Step 4: Establish feedback and communication norms that facilitate action
Once lead scoring processes and qualified lead definitions are established, organizations must have a plan of action to keep the momentum going. Marketing and sales teams often stop communicating about leads once marketing “hands off” an MQL, which leads to potential difficulties for both teams. Marketing teams can get annoyed when sales teams don’t properly follow up with MQLs, and sales may have complaints about the actual quality of the lead.
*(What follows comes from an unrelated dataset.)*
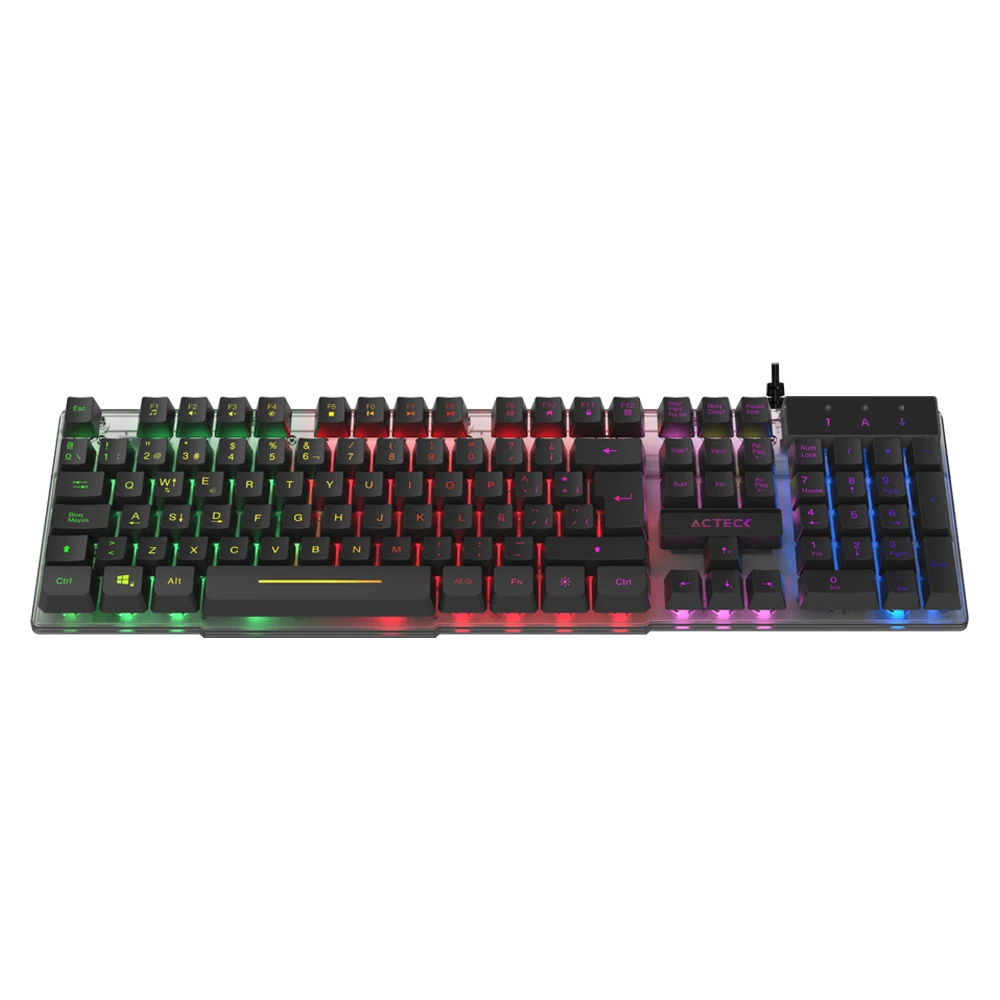 Teclado Acteck Creator Aurean II TA220G Retroiluminación Rainbown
To circumvent this, define and establish Service Level Agreements that outline the expectations and actions needed from both teams at each stage of the funnel. Decide how these SLAs will be enforced, and ensure there are opportunities to revisit and revise them if needed. Creating norms around “failing fast” and responding with small pivots and quicker responses to sales funnel slowdowns or deals that are going south will help drive more revenue and strengthen trust between sales and marketing teams.
Tech Tools for Success
- Slack: Slack is definitely a love it or hate it app, but for teams that want to offer a variety of more casual ways to communicate across teams without clogging up email inboxes, it can be a good option. Plus, you can create subgroups for marketing, sales, committees, etc. so that phones aren’t blowing up with irrelevant notifications.
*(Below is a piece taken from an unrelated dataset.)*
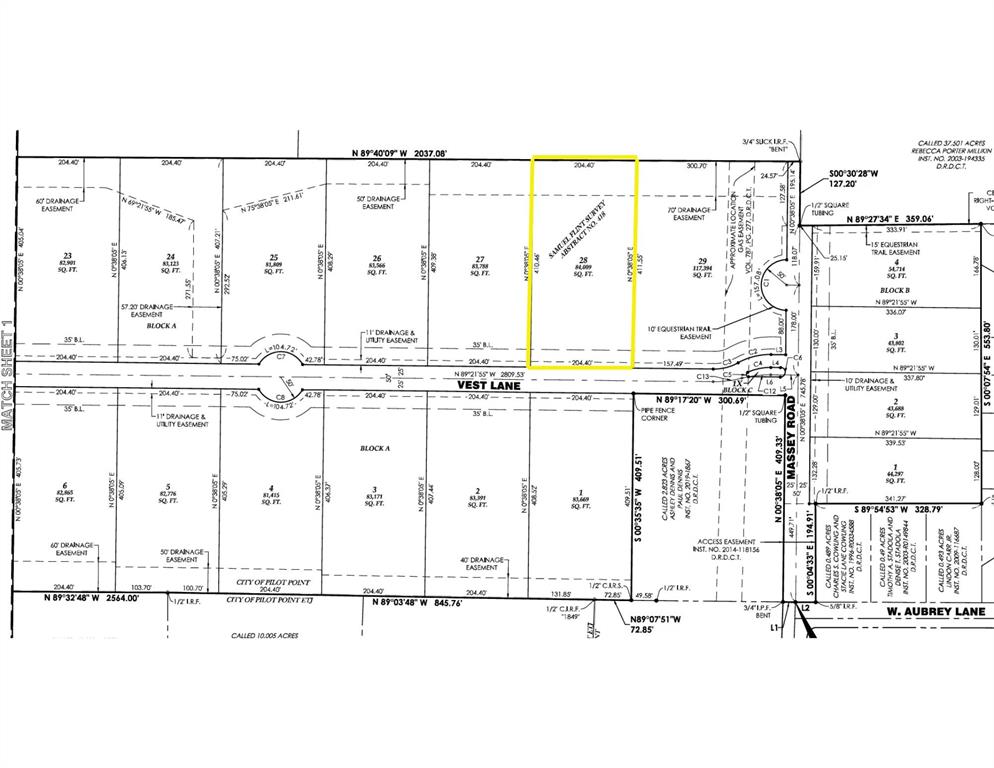 720 Vest Lane Pilot Point, TX 76258 - Photo 3 of 6 Lot 28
- Survey tools: Platforms like SurveyMonkey and Google Forms are simple, anonymous ways that teams can solicit consistent feedback that can be aggregated and made into actionable insights. They’re a good option for large teams or scenarios where anonymity is desired, i.e. to report communication issues.
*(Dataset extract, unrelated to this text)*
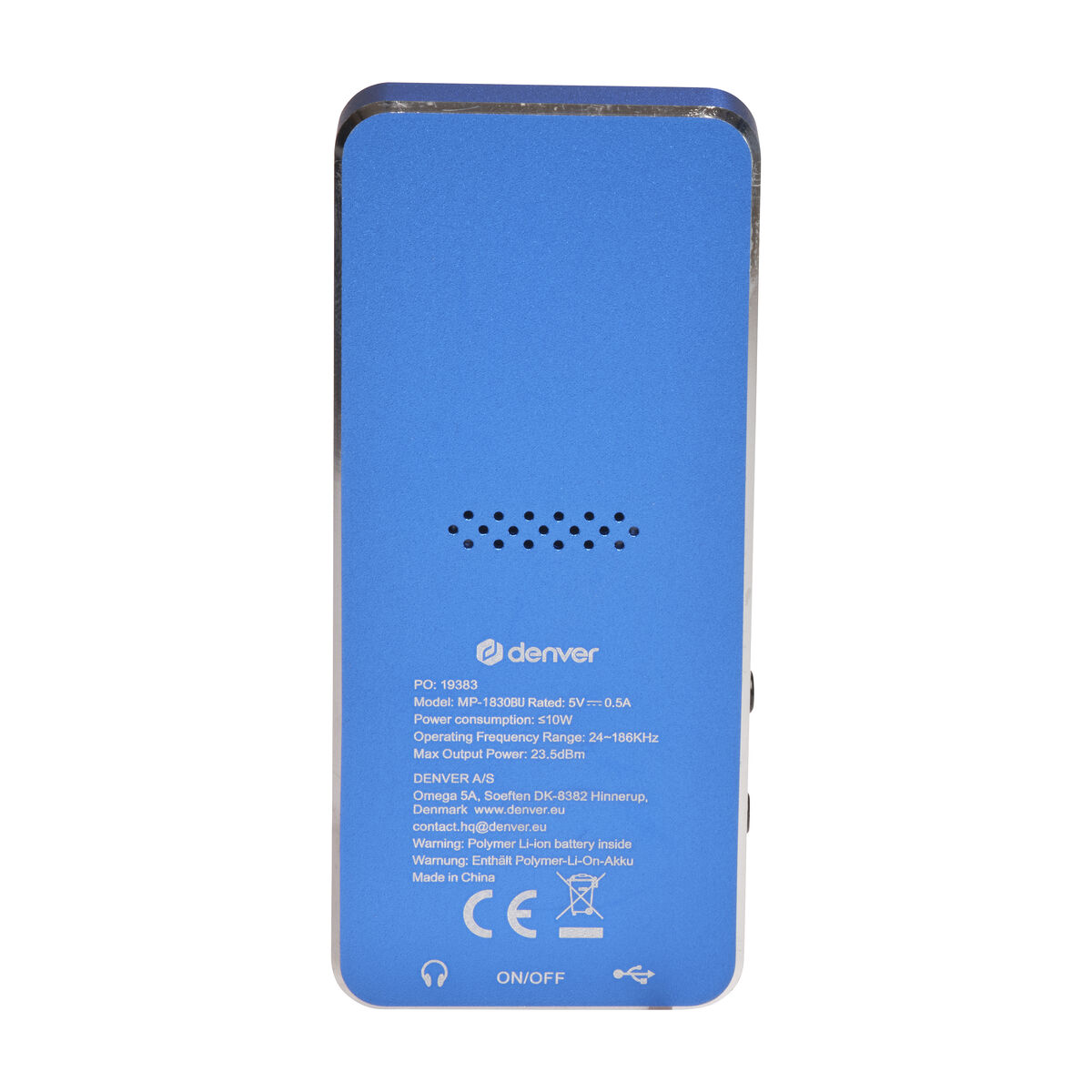 MP4 Player Denver Electronics MP-1830BU 1,8" Bluetooth Blau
Step 5: Schedule regular debriefs to review closed, lost and stalled deals
Along with increased informal communication, marketing and sales teams should have regular “stakeholder” meetings to discuss sales funnel movement, closed deals, and potential clogs. Give different team members a chance to lead meetings or facilitate discussion in order to ensure a diversity of voices and viewpoints are considered. Consider using small groups comprised of a mix of management, sales and marketing team members to dissect what went well and what didn’t work on 1-2 deals. At the end of each meeting, always determine action items and next steps and create accountability structures like deadlines.
Tech Tools for Success
- Trello: Project management platforms like Trello can be beneficial to organizations with large or complex sales and marketing teams, especially if the stakeholder team has members from lots of disparate departments. The structure makes it easy to set deadlines, tag people in conversation, assign tasks, upload documents, and check in on progress to keep cross-functional teams accountable and on task.
To achieve truly effective marketing and sales alignment in 2019, teams need to undergo a mindset shift about the ways that marketing and sales teams have traditionally moved leads through the sales funnel. Successful teams are taking steps to pivot from a “hand-off” to a “hands-on” approach that keeps both teams engaged with each other throughout the buyer journey. By focusing on “sales enablement” instead of separate marketing and sales roles, teams can create processes that leverage the first-hand knowledge and experience of the boots-on-the-ground sales team with the data-driven, best practices approach of the marketing team.
Most importantly, focus on opening lines of communication. Without solid, respectful, methodical channels to give and receive feedback, brainstorm, and check in on the effectiveness of established definitions and norms, marketing and sales teams will continue to struggle. Make it a priority to create a culture of transparency and collaboration between marketing and sales—don’t wait until it’s too late to change.